I checked it, it's exactly the same as on Ubuntu 22.04 where it works:

# /etc/systemd/system/kubelet.service
[Unit]
Description=Kubernetes Kubelet Server
Documentation=https://github.com/GoogleCloudPlatform/kubernetes
After=containerd.service
Wants=containerd.service

[Service]
EnvironmentFile=-/etc/kubernetes/kubelet.env
ExecStart=/usr/local/bin/kubelet \
                $KUBE_LOGTOSTDERR \
                $KUBE_LOG_LEVEL \
                $KUBELET_API_SERVER \
                $KUBELET_ADDRESS \
                $KUBELET_PORT \
                $KUBELET_HOSTNAME \
                $KUBELET_ARGS \
                $DOCKER_SOCKET \
                $KUBELET_NETWORK_PLUGIN \
                $KUBELET_VOLUME_PLUGIN \
                $KUBELET_CLOUDPROVIDER
Restart=always
RestartSec=10s

[Install]
WantedBy=multi-user.target

# /usr/lib/systemd/system/kubelet.service.d/10-kubeadm.conf
# Note: This dropin only works with kubeadm and kubelet v1.11+
[Service]
Environment="KUBELET_KUBECONFIG_ARGS=--bootstrap-kubeconfig=/etc/kubernetes/bootstrap-kubelet.conf --kubeconfig=/etc/kubernetes/kubelet.conf"
Environment="KUBELET_CONFIG_ARGS=--config=/var/lib/kubelet/config.yaml"
# This is a file that "kubeadm init" and "kubeadm join" generates at runtime, populating the KUBELET_KUBEADM_ARGS variable dynamically
EnvironmentFile=-/var/lib/kubelet/kubeadm-flags.env
# This is a file that the user can use for overrides of the kubelet args as a last resort.

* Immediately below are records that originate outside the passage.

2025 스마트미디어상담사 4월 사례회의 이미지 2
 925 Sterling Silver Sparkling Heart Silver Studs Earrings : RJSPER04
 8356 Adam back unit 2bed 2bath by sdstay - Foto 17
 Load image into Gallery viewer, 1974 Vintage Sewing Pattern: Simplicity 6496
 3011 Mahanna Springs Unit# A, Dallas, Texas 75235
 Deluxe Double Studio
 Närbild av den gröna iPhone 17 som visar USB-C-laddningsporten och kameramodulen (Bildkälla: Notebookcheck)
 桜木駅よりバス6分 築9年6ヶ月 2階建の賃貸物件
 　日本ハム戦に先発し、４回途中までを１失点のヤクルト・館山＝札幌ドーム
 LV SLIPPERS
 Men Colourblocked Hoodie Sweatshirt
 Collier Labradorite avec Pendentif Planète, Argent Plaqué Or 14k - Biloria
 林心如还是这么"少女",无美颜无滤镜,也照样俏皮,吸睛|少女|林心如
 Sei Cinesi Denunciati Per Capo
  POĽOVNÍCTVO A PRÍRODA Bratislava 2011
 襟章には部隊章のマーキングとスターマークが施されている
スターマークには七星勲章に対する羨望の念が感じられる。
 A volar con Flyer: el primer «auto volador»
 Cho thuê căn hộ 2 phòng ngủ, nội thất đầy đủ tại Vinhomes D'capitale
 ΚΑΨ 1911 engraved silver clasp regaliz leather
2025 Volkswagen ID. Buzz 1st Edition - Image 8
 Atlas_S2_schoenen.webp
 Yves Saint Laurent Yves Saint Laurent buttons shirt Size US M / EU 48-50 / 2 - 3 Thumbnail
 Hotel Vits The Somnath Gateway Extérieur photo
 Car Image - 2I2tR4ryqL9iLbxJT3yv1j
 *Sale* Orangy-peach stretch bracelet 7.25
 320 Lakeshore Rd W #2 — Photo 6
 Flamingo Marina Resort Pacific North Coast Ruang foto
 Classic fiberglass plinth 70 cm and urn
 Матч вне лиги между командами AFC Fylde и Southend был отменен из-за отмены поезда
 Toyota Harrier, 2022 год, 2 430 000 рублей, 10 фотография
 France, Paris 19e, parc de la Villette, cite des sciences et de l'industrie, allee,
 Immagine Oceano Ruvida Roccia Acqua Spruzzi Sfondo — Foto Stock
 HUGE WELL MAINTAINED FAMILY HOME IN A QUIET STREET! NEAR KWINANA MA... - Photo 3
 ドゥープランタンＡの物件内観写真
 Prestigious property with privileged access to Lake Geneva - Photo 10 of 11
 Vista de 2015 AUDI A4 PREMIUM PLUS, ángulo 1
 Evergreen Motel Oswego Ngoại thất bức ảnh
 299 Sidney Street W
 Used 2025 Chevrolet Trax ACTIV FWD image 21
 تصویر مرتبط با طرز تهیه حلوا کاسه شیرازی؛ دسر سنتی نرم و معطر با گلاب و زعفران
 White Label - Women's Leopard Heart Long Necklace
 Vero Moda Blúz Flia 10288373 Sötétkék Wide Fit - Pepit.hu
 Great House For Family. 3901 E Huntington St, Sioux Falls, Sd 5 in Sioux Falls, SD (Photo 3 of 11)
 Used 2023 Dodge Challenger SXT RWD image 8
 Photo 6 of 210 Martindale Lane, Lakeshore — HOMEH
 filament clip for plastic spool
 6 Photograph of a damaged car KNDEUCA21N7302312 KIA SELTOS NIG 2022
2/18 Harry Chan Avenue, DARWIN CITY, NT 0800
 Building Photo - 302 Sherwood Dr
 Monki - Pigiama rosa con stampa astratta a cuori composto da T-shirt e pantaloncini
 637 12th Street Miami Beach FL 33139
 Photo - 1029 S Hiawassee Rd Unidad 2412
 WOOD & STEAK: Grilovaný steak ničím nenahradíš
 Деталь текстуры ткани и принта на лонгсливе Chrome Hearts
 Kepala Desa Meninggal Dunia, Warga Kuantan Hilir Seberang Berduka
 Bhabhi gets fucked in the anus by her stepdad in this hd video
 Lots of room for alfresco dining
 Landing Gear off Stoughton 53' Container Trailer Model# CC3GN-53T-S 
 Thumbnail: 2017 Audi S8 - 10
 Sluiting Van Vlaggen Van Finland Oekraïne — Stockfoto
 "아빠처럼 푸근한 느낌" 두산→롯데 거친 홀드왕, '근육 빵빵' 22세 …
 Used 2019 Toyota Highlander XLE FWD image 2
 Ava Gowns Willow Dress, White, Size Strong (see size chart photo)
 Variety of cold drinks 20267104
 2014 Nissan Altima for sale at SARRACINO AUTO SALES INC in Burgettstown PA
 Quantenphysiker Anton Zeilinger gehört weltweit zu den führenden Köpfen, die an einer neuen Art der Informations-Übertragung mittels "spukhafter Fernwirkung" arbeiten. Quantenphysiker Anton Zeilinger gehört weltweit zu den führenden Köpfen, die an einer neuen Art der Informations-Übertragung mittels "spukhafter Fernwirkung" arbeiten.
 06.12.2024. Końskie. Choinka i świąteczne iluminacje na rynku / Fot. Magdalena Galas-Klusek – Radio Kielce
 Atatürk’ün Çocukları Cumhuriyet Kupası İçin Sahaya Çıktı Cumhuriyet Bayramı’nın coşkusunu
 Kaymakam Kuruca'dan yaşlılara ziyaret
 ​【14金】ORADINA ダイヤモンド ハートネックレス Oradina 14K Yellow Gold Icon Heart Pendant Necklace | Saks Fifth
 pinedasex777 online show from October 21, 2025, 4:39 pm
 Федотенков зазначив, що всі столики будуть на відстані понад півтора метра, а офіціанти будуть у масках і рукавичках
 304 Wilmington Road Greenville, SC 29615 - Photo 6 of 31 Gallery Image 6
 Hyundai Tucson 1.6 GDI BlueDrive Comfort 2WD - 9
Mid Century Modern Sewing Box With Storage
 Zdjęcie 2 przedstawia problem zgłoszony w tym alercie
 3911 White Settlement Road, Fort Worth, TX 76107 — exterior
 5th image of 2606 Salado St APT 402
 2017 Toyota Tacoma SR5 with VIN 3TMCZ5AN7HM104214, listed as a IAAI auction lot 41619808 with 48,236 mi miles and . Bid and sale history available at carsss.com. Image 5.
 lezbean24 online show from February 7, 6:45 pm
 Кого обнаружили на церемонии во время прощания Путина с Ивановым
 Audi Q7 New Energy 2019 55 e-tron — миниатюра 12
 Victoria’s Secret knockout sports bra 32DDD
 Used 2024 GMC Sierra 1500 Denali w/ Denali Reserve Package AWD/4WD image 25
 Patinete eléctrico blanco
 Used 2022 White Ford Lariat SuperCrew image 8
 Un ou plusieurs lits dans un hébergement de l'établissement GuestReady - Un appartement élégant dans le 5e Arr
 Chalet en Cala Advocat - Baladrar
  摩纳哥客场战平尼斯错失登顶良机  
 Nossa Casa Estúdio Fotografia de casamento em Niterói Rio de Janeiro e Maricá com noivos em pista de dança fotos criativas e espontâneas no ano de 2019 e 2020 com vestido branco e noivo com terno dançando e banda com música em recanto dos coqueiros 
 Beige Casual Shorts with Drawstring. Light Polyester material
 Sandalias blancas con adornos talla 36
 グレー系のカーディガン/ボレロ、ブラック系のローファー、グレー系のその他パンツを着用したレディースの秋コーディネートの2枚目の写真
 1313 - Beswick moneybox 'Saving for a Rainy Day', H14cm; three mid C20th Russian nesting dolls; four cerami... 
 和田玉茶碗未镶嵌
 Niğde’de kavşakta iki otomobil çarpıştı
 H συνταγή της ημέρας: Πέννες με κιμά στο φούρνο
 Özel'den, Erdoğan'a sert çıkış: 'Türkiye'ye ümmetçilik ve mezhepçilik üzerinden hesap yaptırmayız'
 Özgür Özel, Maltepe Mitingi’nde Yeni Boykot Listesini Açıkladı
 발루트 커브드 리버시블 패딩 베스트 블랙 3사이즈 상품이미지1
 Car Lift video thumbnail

Preferably, the user should use
# the .NodeRegistration.KubeletExtraArgs object in the configuration files instead. KUBELET_EXTRA_ARGS should be sourced from this file.
EnvironmentFile=-/etc/default/kubelet
ExecStart=
ExecStart=/usr/bin/kubelet $KUBELET_KUBECONFIG_ARGS $KUBELET_CONFIG_ARGS $KUBELET_KUBEADM_ARGS $KUBELET_EXTRA_ARGS
VannTen commented 4 weeks ago

ExecStart= ExecStart=/usr/bin/kubelet $KUBELET_KUBECONFIG_ARGS $KUBELET_CONFIG_ARGS $KUBELET_KUBEADM_ARGS $KUBELET_EXTRA_ARGS

As I was saying. This use kubelet from the distro package instead of the one provided by kubespray.

Mixing configuration from kubespray and other sources for the kubelet is not supported, and won't be. Try removing the packages owning that override and see if the issue persist.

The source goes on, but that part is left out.